- What the task requires -
Print a faithful copy of the data below, word for word, with the pictures left out.

- Information provided -
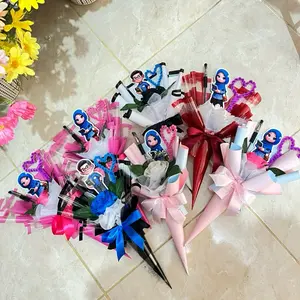 Buket Cone Hari Guru dengan Desain Karakter Lucu dan Warna Cerah untuk Hadiah Spesial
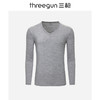 Threegun三枪 金钻羊毛V领长袖男衫-24153A021 商品缩略图0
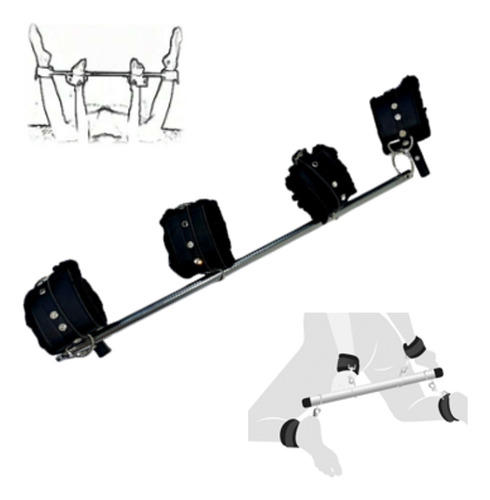 Esposas Policiacas Fury Bondage Policiales Baratas Tacticas Color Negro Con Diamantes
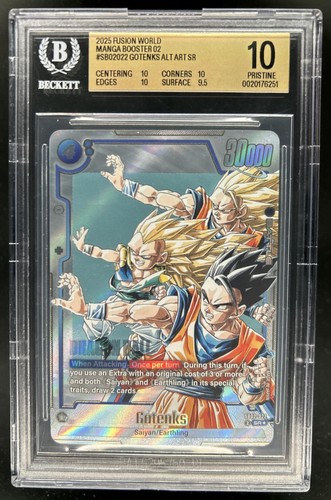 2025 Dragon Ball Super Fusion World Gotenks Alt Art #SB02-022 BGS 10 Pristine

- Exercise solution -
 Buket Cone Hari Guru dengan Desain Karakter Lucu dan Warna Cerah untuk Hadiah Spesial
 Threegun三枪 金钻羊毛V领长袖男衫-24153A021 商品缩略图0
 Esposas Policiacas Fury Bondage Policiales Baratas Tacticas Color Negro Con Diamantes
 2025 Dragon Ball Super Fusion World Gotenks Alt Art #SB02-022 BGS 10 Pristine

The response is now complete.